Income cut for oldies
Having become known for being a high-yielding equities market, Australia has made the deepest dividend cuts and deferrals this year, underscoring the arguments in favour of taking a global approach to investing.
This dynamic isn't going to aid consumption or the economic recovery, especially as Aussie bank dividends have now effectively all but dried up.
Plenty of the older retiree set in Australia had become conditioned to enjoying the extremely strong franked dividend streams from Aussie banks during the good times.
However, Westpac initially 'deferred' its dividend for the first half this year, ANZ Bank followed in kind, while National Australia Bank slashed its dividend to just 30 cents per share while simultaneously announcing a $3½ billion capital raising to shore up its equity.
NAB's paradoxical announcement was a careful balancing act which neatly encapsulates the politicised nature of Australia's bank dividends.
Many elderly retirees have deliberately positioned their portfolios to rely on the extraordinarily high dividends from banks, to the extent that dividend imputation was even a potentially election-turning issue in Queensland last year.
The great rebuild
Capital buffers will ultimately need to bolstered over the coming years, and bank dividends will need to remain much lower as balance sheets are rebuilt, while further capital raisings may yet follow (and that's assuming that we don't get a cascade of loan defaults when repayment holidays end).
It won't just be the banks facing down these challenges; related headwinds are facing retailers and department stores, construction firms, real estate companies, and other sectors besides.
The outlook for the resources sector may arguably be brighter as the Chinese economy begins to fire up again, and as the bedraggled Brazilian iron ore producers struggle to maintain throughput.

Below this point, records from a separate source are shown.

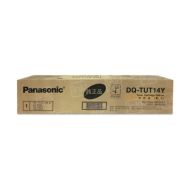 OEM Panasonic DQ-TUT14Y Yellow Toner
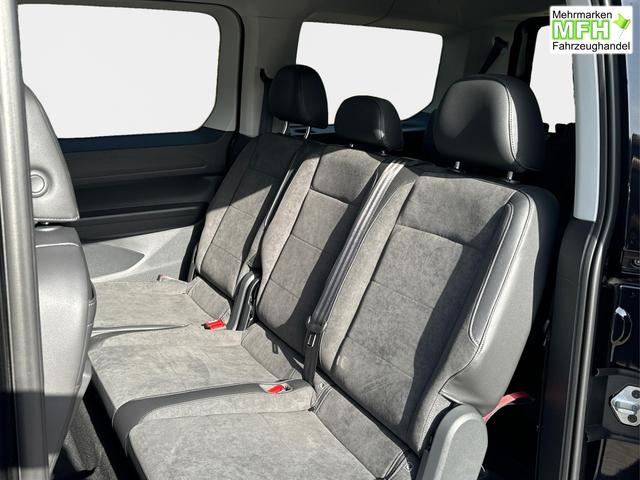 Volkswagen / Caddy Maxi / / / / Caddy Maxi NAVI+AHK+SHZ+LED+ KAMERA+PDC+ LANE ASSIST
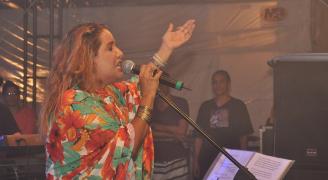 Extra - Sarajane - Foto - Rita Barreto - Bahiatursa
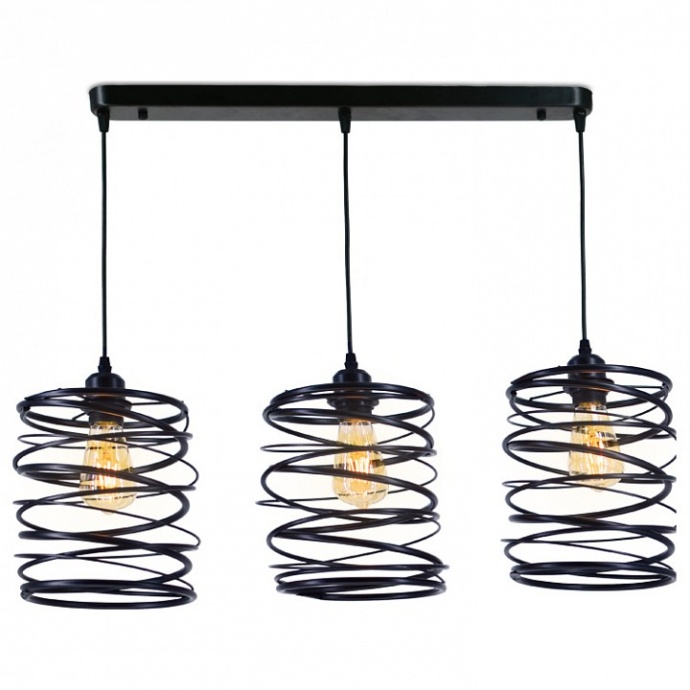 Подвесной светильник Ambrella TR TR8403 - 0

Given that Australia now has the second highest stock ownership rate in the world even outside of its superannuation funds, the dividend drought will unfortunately have a direct knock-on impact to consumption and consumer spending.
Source: ASX
To date Aussie stock indices have only declined by about 15 per cent from where they were at in February, which really isn't all that much given the starting point and the parlous state of large chunks of the economy.

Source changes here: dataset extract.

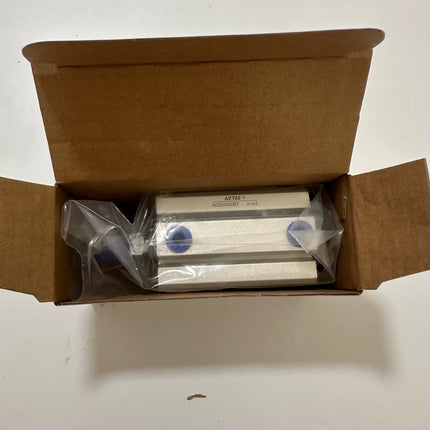 Airtac ACQ: Compact cylinder,double acting- ACQ32X50BT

On the other hand, dividends will in many cases be scrapped this year, as reflected in Vanguard's Australian Shares fund (ASX: VAS) declaring a final distribution of just 20.6 cents per unit.
Source: Intelligent Investor
MOAR stimulus needed
There's an awful lot going on in the world right now, but it seems to me as though many have underestimated the sheer scale of the impacts we'll see from the massive cuts to immigration, construction, international students, tourism, and consumption.
Even if these issues prove to be temporary this equates to a cavernous gully which needs to be bridged before we see an unemployment rate anywhere near 5 or 6 per cent again.
There's simply no way stimulus should be snapped off in September - it'll need to continue deep into 2021 in my book - but let's see what the Treasurer has up his sleeve on July 23!